I'd like the entire listing output verbatim, apart from the pictures.

[DATA SECTION — start]

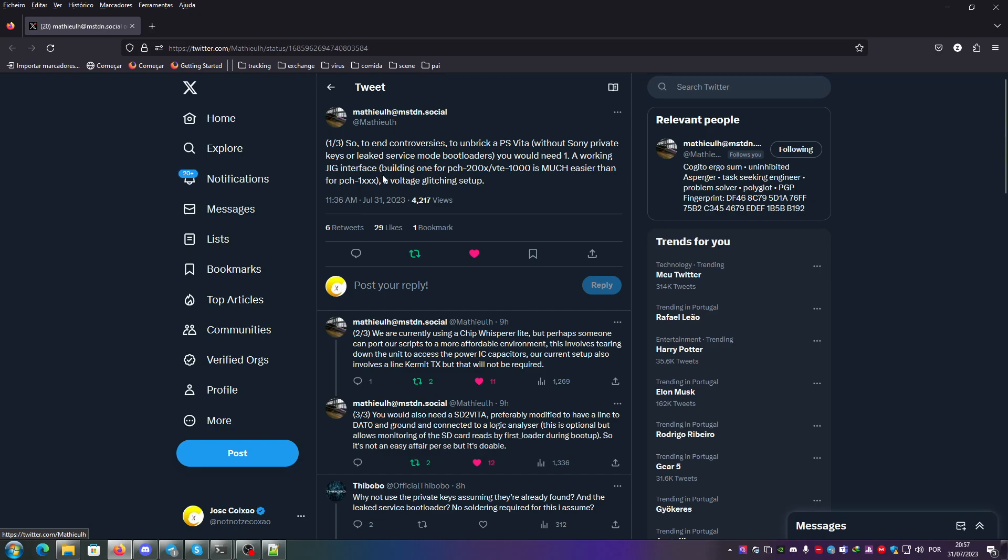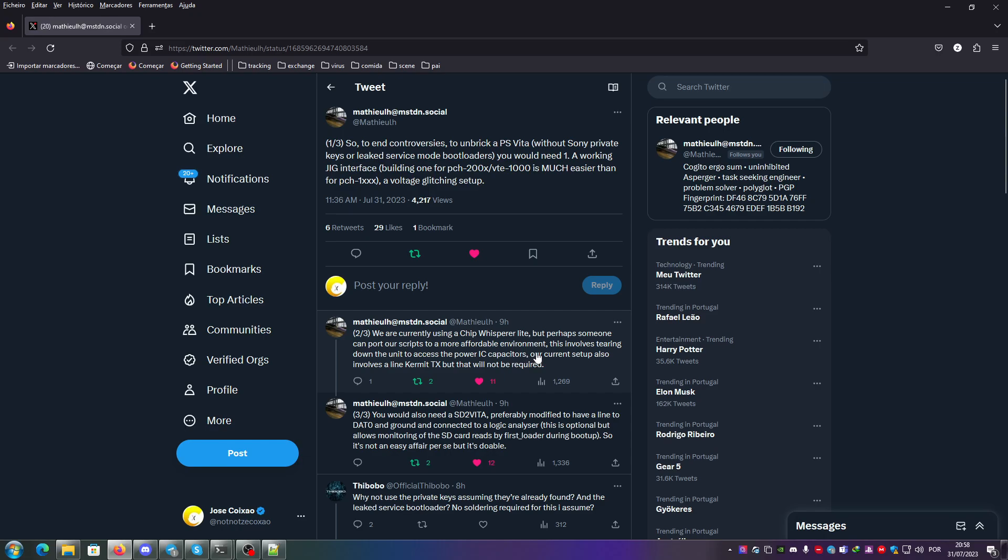We are currently using a chip whisperer lite, but you can try to adapt one yourself to Teensy or RP2040 and use any other glitch device. This is currently over the top material for just this setup, but perhaps someone can port our scripts to a more affordable environment. This involves tearing down the unit to access the power IC capacitors.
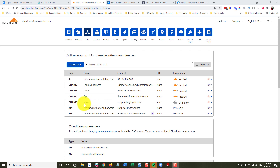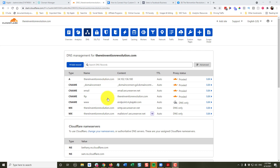If that's the case, I don't want the www to point to Kajabi. I still want my A record to control that thereinventionrevolution.com points to my WordPress site. What I want to do is create a subdomain — and because Kajabi is going to be the home to courses and memberships, maybe that subdomain could be courses.thereinventionrevolution.com or members.thereinventionrevolution.com.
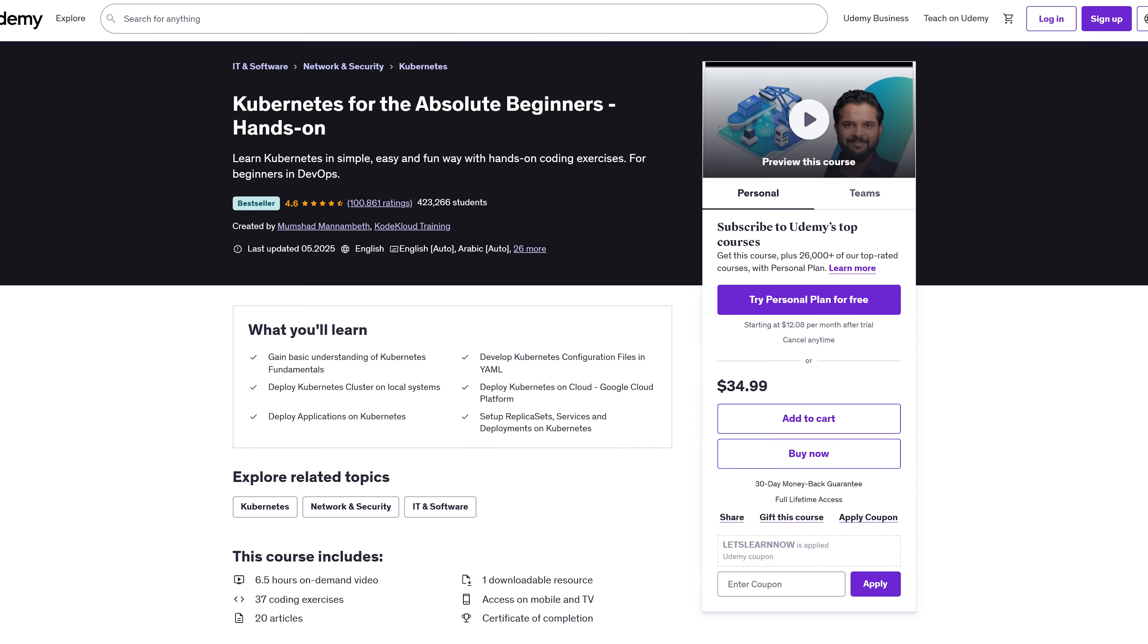And yes, the course has all the slides ready for download, so you can follow along or review later, whenever it suits you.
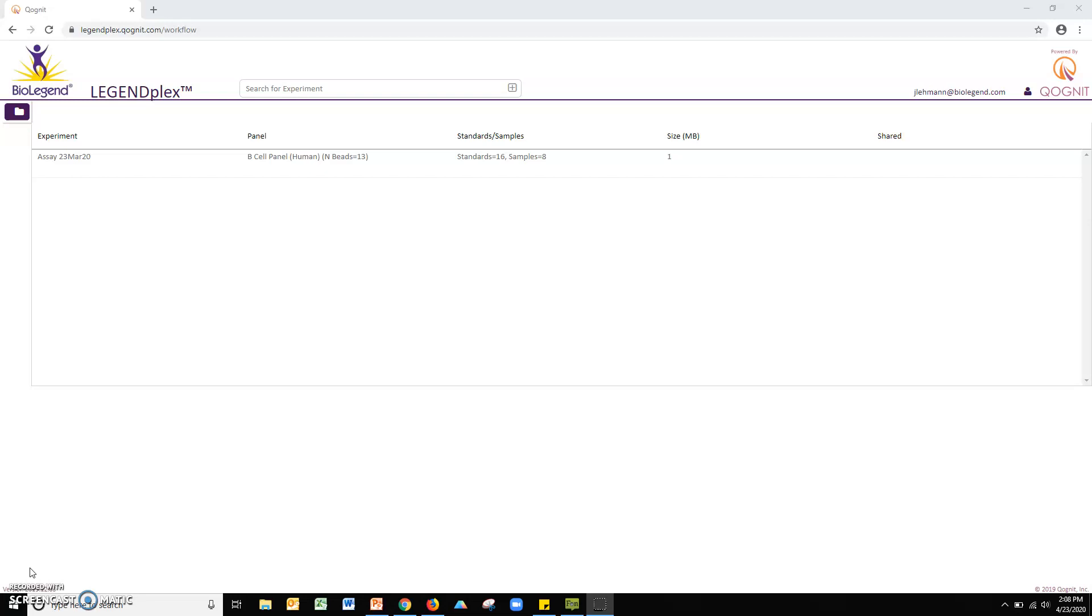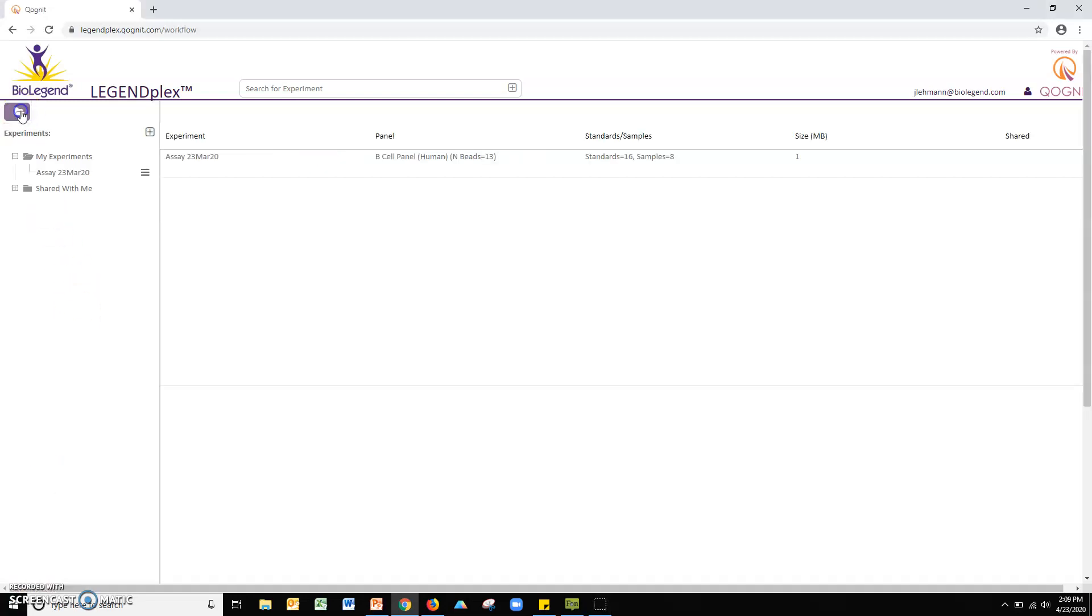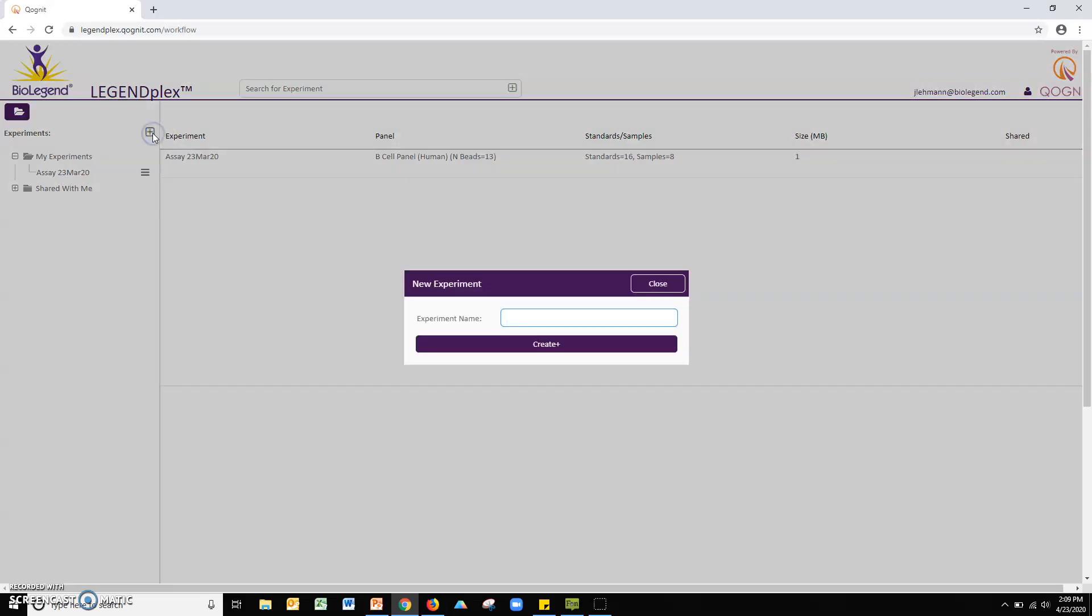Click the purple folder icon to the left of your screen. Next, click the plus icon. Enter your experiment name and click the create button.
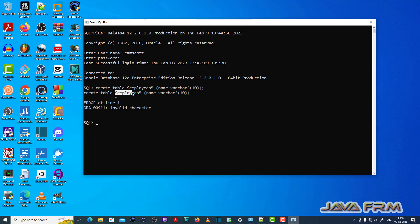The table name has an invalid character called dollar symbol at the beginning. It does not accept special characters at the beginning of the table name.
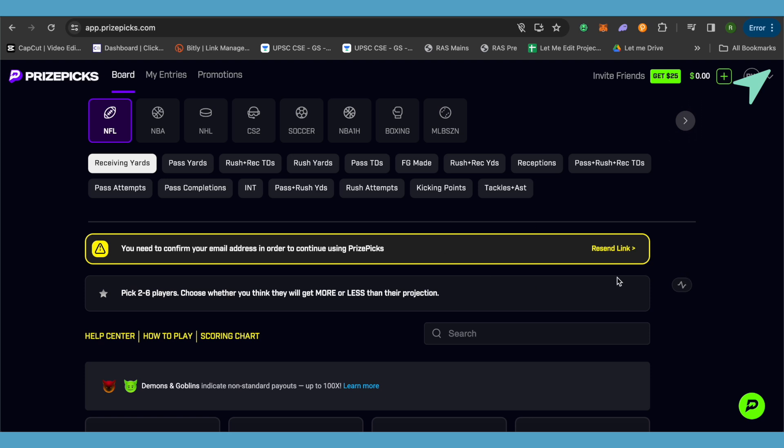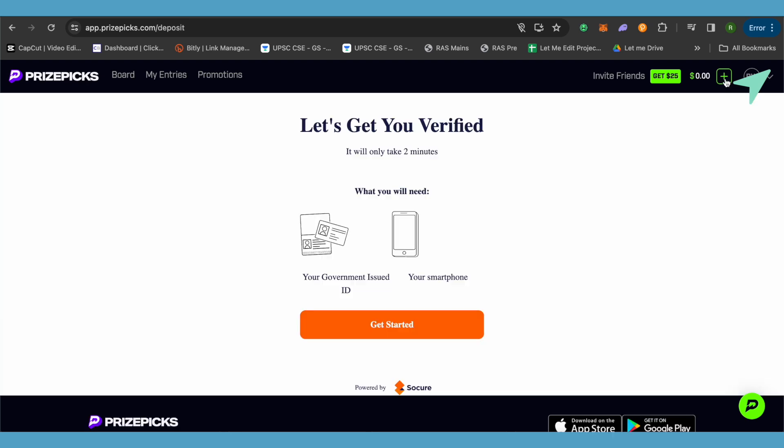A second reason could be that when you try to click on the plus option to make the deposit, it will ask you to get verified. It is quite necessary and important on PrizeSpecs to get yourself verified. For that you will require a government issued ID and your smartphone. Just simply click on Get Started and get yourself verified.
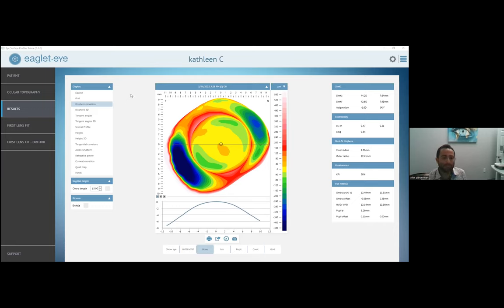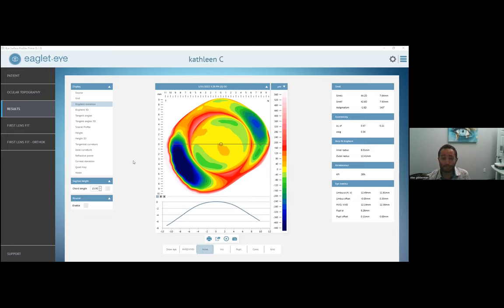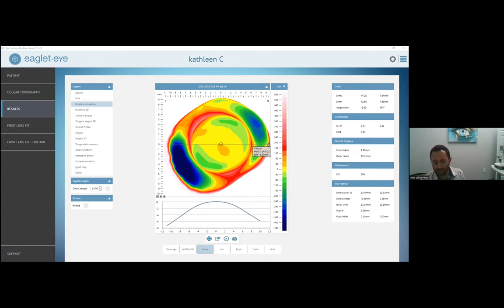Here's an actual patient of mine we saw about a week ago. She was a 66-year-old female referred to us because the cornea specialist couldn't correct her to 20/20. She had some mild cataracts but not significant enough for surgery, and there was a little irregular astigmatism on topography — though not keratoconus. We were actually able to get her to 20/20 with sclerals. The bisphere elevation map is your home screen — this inner circle represents the cornea and the outer zone is the sclera.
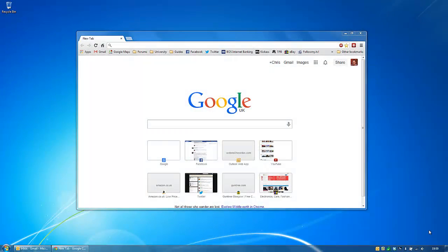Hi, in this video today I'm going to show you how to add your Google Calendar to Microsoft Outlook.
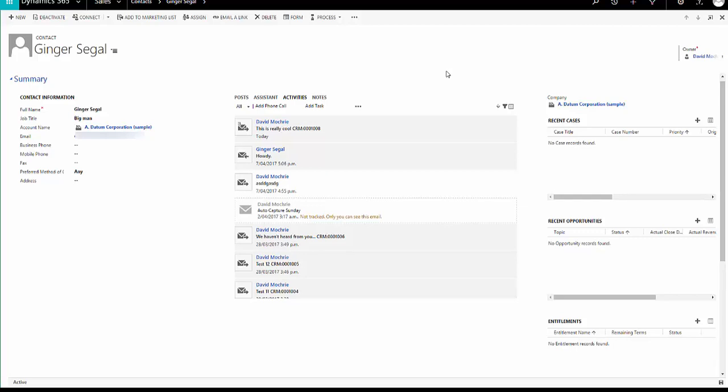Hello and welcome to this video on AutoCapture. AutoCapture is a feature of Relationship Insights, which is a new feature.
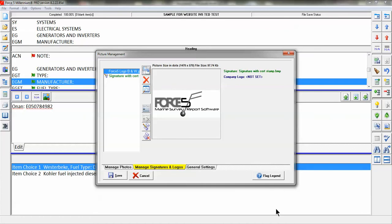It must be a JPEG or a bitmap file - that's a JPG or BMP extension that you will have to bring into this area. In my sample here, I have the Force 5 logo black and white dot JPEG.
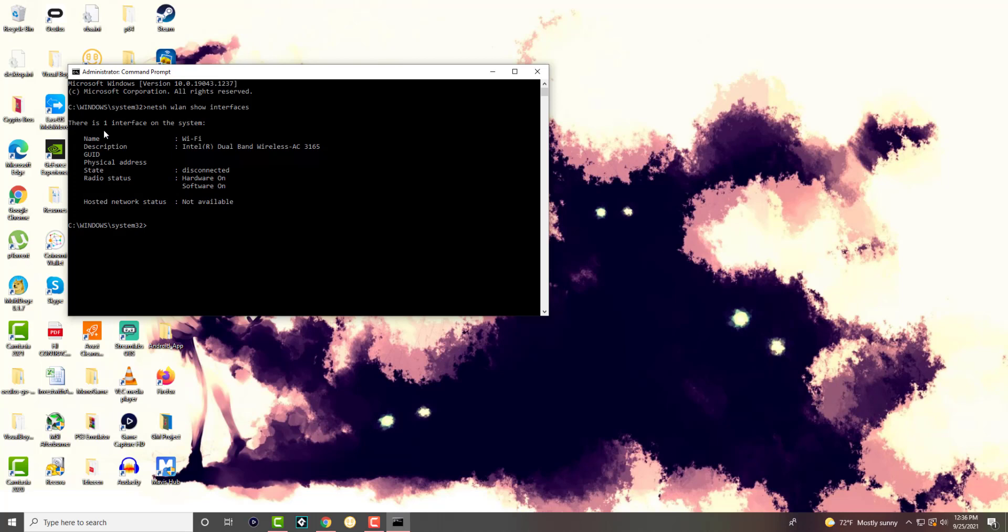So I have a built-in Wi-Fi, basically like a band. In here you can see it's an Intel dual band wireless AC, the GUID and the physical address I've censored off, but that information will be there. The state, as you can see, is disconnected.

[DATA SECTION — finish]

> ANSWER FOR THE TASK
We are currently using a chip whisperer lite, but you can try to adapt one yourself to Teensy or RP2040 and use any other glitch device. This is currently over the top material for just this setup, but perhaps someone can port our scripts to a more affordable environment. This involves tearing down the unit to access the power IC capacitors.
If that's the case, I don't want the www to point to Kajabi. I still want my A record to control that thereinventionrevolution.com points to my WordPress site. What I want to do is create a subdomain — and because Kajabi is going to be the home to courses and memberships, maybe that subdomain could be courses.thereinventionrevolution.com or members.thereinventionrevolution.com.
And yes, the course has all the slides ready for download, so you can follow along or review later, whenever it suits you.
Click the purple folder icon to the left of your screen. Next, click the plus icon. Enter your experiment name and click the create button.
The table name has an invalid character called dollar symbol at the beginning. It does not accept special characters at the beginning of the table name.
A second reason could be that when you try to click on the plus option to make the deposit, it will ask you to get verified. It is quite necessary and important on PrizeSpecs to get yourself verified. For that you will require a government issued ID and your smartphone. Just simply click on Get Started and get yourself verified.
Here's an actual patient of mine we saw about a week ago. She was a 66-year-old female referred to us because the cornea specialist couldn't correct her to 20/20. She had some mild cataracts but not significant enough for surgery, and there was a little irregular astigmatism on topography — though not keratoconus. We were actually able to get her to 20/20 with sclerals. The bisphere elevation map is your home screen — this inner circle represents the cornea and the outer zone is the sclera.
Hi, in this video today I'm going to show you how to add your Google Calendar to Microsoft Outlook.
Hello and welcome to this video on AutoCapture. AutoCapture is a feature of Relationship Insights, which is a new feature.
It must be a JPEG or a bitmap file - that's a JPG or BMP extension that you will have to bring into this area. In my sample here, I have the Force 5 logo black and white dot JPEG.
So I have a built-in Wi-Fi, basically like a band. In here you can see it's an Intel dual band wireless AC, the GUID and the physical address I've censored off, but that information will be there. The state, as you can see, is disconnected.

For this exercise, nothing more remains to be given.